If you want more than one kingdom, you need to become emperor as soon as possible. That way, even if you lose a kingdom, the new king will still be your vassal and the kingdom will still be in your realm.

PurpleMan5000PurpleMan5000

There are 2 ways, the easy way, and the hard way:

  1. The Easy WayFind someone with an inheritable claim on the kingdom and marry them to your heir or yourself. I was King of Ireland and married the Queen of Sweden. When she died, my heir became King of Sweden (by this time, he was already King of Ireland) automatically, without any fight.
  2. The Hard WayFabricate claims, or find people of your dynasty who have claims on the target kingdom's individual counties. Go first for those counties that are in large duchies (duchies with 4 or 5 counties), as once you have 3/5 duchies, you can take the rest of the duchy through de jure claims. De jure claims are great as they go to your demesne (if you are the duke). You want the large duchies as its quicker then to get to 51%, and then press for the whole realm in a de jure claim on the kingdom. To speed it all up, you need to either assassinate or plot to kill the king of the target kingdom whenever there is a truce. Also, fermenting dissent in their kingdoms helps break them up (when their vassels rebel, you immediately conquer them before they have a chance to go back to their old king).

Personally, if it is a large kingdom, the first way takes a fraction of the time and effort (maybe 5% of the effort).

You want to think carefully about which Kingdoms you go for. I was king of Ireland and conquered Scotland, Wales, Brittany and England - all of them. Then I died and my heir inherited just Ireland, Brittany and Wales. I only inherited Brittany and Wales as I had never created the titles, so they were de jure part of Ireland. The others were gavelkind, so my 3 kingdoms were divided between my sons. This caused a phobia of gavelkind to develop and I then got Sweden (primogeniture), and conquered Scotland (renamed to Alba as I'm Irish) before converting it to Primogeniture. Primo is great as succession wars are few. I still haven't got England on Primo, so when I get old, I save up a war chest of money and then win a brutally fast succession war upon succession. It must be fast as you want to continually upgrade to high authority so that you can convert to primo (kill your brother -the king- if you can't start a war). When you lose the kingdom, the first thing the bastard does is downgrade crown authority, so that you will never get primo! Get in before the laws are passed!!!

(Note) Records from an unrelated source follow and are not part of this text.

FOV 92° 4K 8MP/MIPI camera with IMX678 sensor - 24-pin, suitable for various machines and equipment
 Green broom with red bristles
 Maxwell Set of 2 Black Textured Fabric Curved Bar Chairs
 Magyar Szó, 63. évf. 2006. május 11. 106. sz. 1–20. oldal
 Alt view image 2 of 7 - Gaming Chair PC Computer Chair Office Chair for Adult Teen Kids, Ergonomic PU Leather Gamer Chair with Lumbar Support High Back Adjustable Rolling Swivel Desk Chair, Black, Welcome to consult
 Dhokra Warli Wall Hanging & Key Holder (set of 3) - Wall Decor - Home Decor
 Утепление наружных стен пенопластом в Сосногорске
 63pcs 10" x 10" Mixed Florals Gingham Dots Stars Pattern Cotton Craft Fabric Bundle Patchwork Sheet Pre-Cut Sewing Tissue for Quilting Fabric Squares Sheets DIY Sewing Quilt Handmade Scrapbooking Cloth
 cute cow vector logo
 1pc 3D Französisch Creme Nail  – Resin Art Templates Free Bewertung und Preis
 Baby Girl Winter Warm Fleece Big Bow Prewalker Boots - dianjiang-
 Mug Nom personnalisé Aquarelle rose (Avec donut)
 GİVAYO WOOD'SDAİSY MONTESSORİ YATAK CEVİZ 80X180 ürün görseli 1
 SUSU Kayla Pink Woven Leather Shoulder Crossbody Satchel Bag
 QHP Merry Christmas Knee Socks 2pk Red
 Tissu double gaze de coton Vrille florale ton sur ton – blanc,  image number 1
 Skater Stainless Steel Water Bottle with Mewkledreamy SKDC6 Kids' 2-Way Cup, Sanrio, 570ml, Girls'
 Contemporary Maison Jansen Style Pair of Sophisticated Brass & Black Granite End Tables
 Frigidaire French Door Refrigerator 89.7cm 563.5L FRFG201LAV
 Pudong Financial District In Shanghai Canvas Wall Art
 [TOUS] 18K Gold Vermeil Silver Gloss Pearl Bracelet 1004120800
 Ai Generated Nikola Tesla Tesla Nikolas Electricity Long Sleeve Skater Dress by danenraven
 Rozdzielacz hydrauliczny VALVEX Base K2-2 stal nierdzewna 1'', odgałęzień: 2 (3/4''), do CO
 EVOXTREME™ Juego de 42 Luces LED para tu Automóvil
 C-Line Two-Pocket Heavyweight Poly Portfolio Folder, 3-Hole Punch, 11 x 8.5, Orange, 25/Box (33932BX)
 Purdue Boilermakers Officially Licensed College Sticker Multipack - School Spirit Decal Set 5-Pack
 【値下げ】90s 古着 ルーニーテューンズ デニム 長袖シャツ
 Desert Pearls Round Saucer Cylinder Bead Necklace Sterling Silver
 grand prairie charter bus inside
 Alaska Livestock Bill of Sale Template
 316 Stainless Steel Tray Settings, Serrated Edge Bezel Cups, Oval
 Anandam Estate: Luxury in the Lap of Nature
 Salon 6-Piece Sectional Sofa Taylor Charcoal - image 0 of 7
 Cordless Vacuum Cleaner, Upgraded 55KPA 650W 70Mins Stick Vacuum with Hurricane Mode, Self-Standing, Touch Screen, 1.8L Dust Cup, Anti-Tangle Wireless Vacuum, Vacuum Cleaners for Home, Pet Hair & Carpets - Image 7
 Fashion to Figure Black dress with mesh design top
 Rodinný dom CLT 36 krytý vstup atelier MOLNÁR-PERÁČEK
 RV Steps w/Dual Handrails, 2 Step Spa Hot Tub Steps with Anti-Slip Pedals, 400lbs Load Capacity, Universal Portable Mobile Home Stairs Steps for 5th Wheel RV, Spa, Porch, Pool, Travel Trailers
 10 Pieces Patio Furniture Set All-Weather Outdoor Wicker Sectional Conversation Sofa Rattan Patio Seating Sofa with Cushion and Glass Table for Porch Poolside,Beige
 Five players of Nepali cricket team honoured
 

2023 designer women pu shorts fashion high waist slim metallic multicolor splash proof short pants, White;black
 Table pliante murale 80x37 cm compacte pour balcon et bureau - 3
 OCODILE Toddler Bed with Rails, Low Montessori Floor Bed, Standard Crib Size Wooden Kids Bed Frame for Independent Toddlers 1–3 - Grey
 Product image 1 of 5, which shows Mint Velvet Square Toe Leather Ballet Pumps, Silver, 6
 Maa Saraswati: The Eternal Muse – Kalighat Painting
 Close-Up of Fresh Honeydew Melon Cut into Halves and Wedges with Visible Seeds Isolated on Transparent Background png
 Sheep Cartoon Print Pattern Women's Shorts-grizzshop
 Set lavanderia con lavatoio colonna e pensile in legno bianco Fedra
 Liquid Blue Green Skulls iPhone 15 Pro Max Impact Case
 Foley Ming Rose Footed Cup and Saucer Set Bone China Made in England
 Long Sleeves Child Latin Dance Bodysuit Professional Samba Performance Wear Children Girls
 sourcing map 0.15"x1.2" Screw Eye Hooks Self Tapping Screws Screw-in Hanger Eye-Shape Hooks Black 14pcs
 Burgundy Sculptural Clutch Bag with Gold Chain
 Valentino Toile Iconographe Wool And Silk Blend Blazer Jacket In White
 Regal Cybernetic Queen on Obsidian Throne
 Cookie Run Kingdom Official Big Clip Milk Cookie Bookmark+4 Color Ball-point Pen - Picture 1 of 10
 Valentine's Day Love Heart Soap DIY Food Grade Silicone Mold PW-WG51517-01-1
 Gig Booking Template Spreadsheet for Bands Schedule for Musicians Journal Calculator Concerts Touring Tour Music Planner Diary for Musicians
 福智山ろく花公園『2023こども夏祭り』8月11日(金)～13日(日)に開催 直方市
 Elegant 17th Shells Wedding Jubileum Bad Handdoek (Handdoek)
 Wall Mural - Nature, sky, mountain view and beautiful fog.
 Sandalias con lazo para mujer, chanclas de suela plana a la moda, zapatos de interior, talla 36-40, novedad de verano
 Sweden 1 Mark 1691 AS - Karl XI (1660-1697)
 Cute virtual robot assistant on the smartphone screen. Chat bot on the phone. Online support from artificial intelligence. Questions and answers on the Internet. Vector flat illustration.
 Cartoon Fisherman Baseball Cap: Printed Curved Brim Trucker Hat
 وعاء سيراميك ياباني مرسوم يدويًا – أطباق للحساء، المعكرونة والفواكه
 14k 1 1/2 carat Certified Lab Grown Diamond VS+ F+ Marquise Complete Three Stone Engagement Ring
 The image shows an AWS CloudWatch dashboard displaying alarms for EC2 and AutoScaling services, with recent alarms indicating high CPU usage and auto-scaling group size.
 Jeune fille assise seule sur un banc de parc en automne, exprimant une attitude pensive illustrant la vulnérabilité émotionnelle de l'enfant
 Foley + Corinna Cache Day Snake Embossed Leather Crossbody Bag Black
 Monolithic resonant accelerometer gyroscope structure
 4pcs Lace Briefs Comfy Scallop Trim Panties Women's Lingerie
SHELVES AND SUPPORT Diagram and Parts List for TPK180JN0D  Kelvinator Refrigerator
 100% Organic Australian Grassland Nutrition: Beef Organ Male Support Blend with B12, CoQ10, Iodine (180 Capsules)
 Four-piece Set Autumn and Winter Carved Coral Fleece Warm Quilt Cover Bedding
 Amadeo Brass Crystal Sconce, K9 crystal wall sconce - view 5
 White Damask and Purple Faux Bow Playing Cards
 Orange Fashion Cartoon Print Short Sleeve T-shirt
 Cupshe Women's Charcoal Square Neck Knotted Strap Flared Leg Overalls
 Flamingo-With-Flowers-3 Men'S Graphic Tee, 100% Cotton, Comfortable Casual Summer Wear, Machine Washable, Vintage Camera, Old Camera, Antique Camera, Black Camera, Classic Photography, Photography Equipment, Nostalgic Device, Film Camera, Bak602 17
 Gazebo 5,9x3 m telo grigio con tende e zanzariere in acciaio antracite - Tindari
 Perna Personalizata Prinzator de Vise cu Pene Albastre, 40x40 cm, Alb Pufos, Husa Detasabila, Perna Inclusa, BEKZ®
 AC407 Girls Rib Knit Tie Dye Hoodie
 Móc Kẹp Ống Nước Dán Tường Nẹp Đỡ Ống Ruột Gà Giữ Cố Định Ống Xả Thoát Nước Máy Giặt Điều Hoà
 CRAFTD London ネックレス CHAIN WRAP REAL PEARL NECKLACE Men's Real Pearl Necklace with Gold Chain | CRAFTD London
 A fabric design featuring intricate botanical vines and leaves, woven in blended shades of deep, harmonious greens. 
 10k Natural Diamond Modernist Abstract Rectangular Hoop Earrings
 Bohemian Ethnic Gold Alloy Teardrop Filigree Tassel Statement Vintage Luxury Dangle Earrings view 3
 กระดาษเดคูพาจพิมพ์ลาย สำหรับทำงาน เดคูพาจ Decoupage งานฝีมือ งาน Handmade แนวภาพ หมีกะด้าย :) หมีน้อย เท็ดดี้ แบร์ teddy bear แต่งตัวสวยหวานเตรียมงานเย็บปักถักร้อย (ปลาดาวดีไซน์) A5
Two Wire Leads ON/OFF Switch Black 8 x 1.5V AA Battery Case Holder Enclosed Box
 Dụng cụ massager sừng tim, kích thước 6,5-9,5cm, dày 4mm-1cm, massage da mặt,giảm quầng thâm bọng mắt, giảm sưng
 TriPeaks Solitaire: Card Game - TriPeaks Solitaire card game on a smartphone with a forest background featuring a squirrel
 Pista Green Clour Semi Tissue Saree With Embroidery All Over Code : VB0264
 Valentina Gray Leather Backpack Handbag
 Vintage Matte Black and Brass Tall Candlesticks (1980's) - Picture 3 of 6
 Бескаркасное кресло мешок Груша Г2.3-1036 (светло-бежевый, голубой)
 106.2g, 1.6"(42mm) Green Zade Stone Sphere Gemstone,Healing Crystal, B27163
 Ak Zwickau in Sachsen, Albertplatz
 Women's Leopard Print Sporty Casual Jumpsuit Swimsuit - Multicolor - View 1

I could go for an emperor title but then I risk losing the kingdoms in successions. Ultimately, I try to convert my kingdoms to primo, then downgrade crown authority so that my vassals don't rebel every 2 minutes.

Adrian CAdrian C

If you do not mind the prestige/gold hit, you can always destroy a kingdom title and recreate it (if not primary) to force the kingdom to have the same laws as your primary (unless gavelkind). Pretty useful for forcing higher CA quickly without multiple successions. Also, if you do not mind being a little gamey, you can destroy all duke titles so only you can vote for your heir. Although you take a net -25 vassal opinion and have to manage them all, it is better since you can choose the best successor and never have a succession war. For me I never had to bribe anyone as they are all too weak to do anything and I periodically remove some vassals to replace them. At the same time during times of truces and waiting for stuff to happen, it is also good to make sure none of your vassals have more than 1 county. If they do, excommunicate + imprison and hope you fail (if you don't execute and try again with the heir). That one vassal is going to be weak and no one is going to bother to help him. I currently have the empire of brittania with close to 100 direct vassals. The highest faction power I ever get is like 48% and they don't even send an ultimatum. Pretty easy to deal with IMO.

If you are powerful enough though, you can always consider going heretic and have CBs on everyone :). Fast expansion, but have to deal with some internal issues until you can make the transition.